This summer I took a trip with my best friend to Colorado to whitewater raft a few of the state’s gorgeous rivers. During the trip, our raft guide was surveying people about their careers. I of course told him I was in wealth management, and after confirming that people paid me to manage their money, he uttered “it’s amazing what people will pay people to do.”

The irony made me smile. I was paying this same guide to take me down a public “free” river that I could have gone down by myself. Had I done it alone, I would have needed to spend a solid amount of time researching, training, and practicing. I paid a fee so that I didn’t have to spend my time that way. Instead, I got to enjoy the experience. We rafted category 4 and 5 rapids with his skilled guidance. I paddled when he told me. I rested when he said it was alright. I never fell out of the boat. Maybe it is amazing what people will pay people to do, but for me, it was worth every penny.

I don’t completely disagree with my cheeky raft guide though. When I hire someone to do a job, I want to know what I’m paying and how. That isn’t always clear in the investment world.

The Wealth Management/Advisor Service Fee model is the number 1 question I would suggest asking when selecting an advisor. There are a couple of different ways that your advisor benefits and it’s very important to know the difference.

Direct Payment: This is a fee paid directly by you to the person who helps you manage your money. It typically is paid either directly from your account in a separate line item or via check and is based on the assets in your account.

For example, our typical fee is 1%. On a monthly basis, we take the ending value of the account and multiply it by .083%. The pro of this is that we benefit and lose alongside of you. Our goals are aligned. As your account’s market value increases, the absolute dollar value of our fee increases. As it goes down, so does the amount we collect. If you are invested in mutual funds, another pro is that we are not incentivized by the fund company or trading. We have no subconscious biases that push us toward swapping out funds. We only profit based on your account value.

The con of this method is that we continually charge you this fee. If you are with an advisor that sets your line-up and never looks at it again, doesn’t check-in with you, and just lets your money ride, you could potentially pay them for doing nothing.

Loaded Investments: Some advisors don’t charge a fee directly. Instead, the investments that they purchase for you generate a commission, part of which, they receive. You can see these in “front-load” or “back-load” funds. A “front-load” comes out at the time of investment and a “back-load” comes out when the investment is sold.

For example, when the advisor makes a $100,000 purchase into a 5% “front-loaded” fund, the buy costs the investor $100,000 but they only receive $95,000 worth of the fund. The other $5,000 pays those involved with the sale of that fund, including your advisor. Your statement won’t show the fee broken out, but it is factored into price you paid for the transaction.

The pro of this is that you only pay your investment advisor when they make a trade. The con is that you lose a large percentage immediately and it can’t grow. This is less of a problem with  back-loaded funds; however, in either case, your advisor is incentivized to trade because buying a new fund generates revenue.

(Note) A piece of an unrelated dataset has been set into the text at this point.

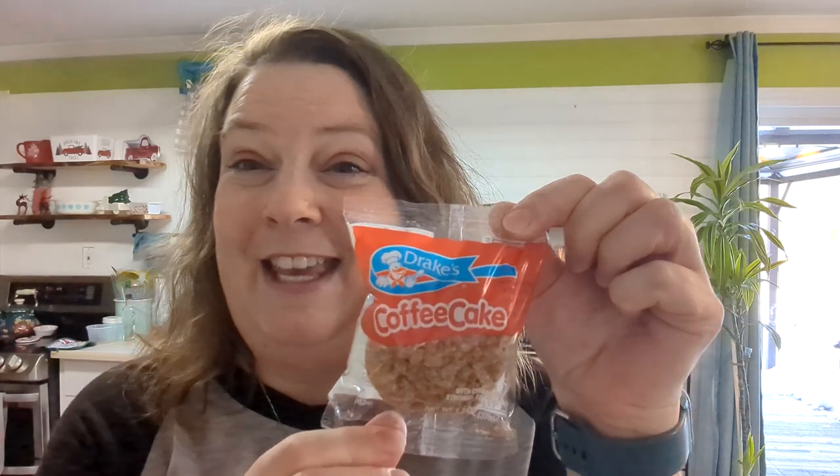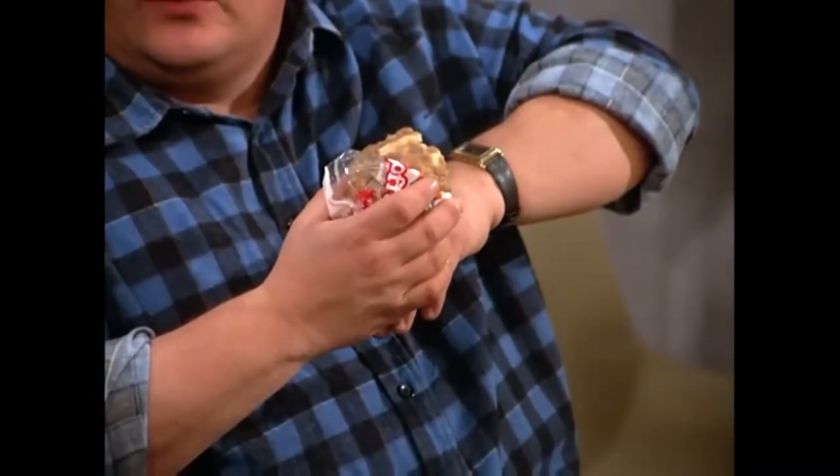Today is going to start some videos I'm going to be making, duplicating some of our favorite snacks and treats. The first one we're going to duplicate is Drake's Coffee Cake. Every time I hear this, I think of that episode of Seinfeld — Drake's Coffee Cake. Yeah, that scene.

As you can see on the chart this week, all else being equal, the “load” method works in your favor if your advisor buys and holds the same fund for at least the number of years equal to the percentage of the load; otherwise, you should prefer the direct payment method. The dashed and dotted lines show what happens to wealth when a loaded fund is traded more frequently.

I want to note that there is another fee that varies between fund share classes: the 12b-1 fee. It throws an additional wrench in things. This fee (or lack thereof) could actually be presented as an advantage for both a directly paid or a sales commission paid advisor, but I’ll get into that next week.

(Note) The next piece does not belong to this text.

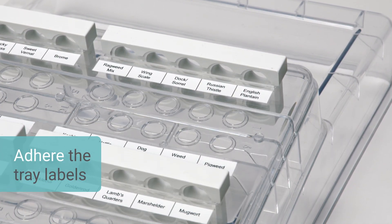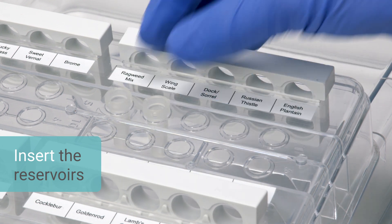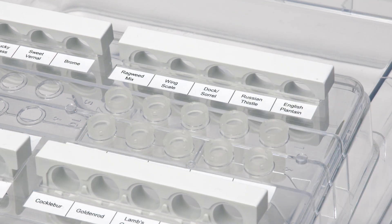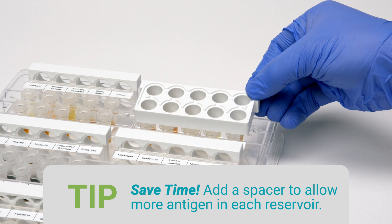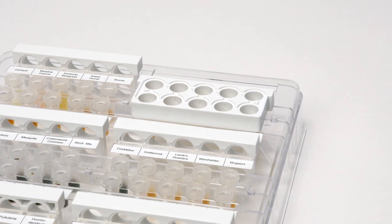Ensure tray labels are adhered. Snap a reservoir into each hole of the tray. If desired, secure the spacers over the reservoirs. Store any unused spacers in the slots provided on the tray.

If you are using an advisor to help navigate the rivers of investments, you have chosen to pay a fee of some sort in the hopes that you will have a smoother experience than if you did it alone.

When I hired my raft guide, I knew I was paying a company for the trip and that my raft guide was getting a slice of that fee. I knew he was hoping for a tip directly as well. I had a clear understanding of the flow of money and the incentives it created. Investing your money should not be any different. Happy rafting!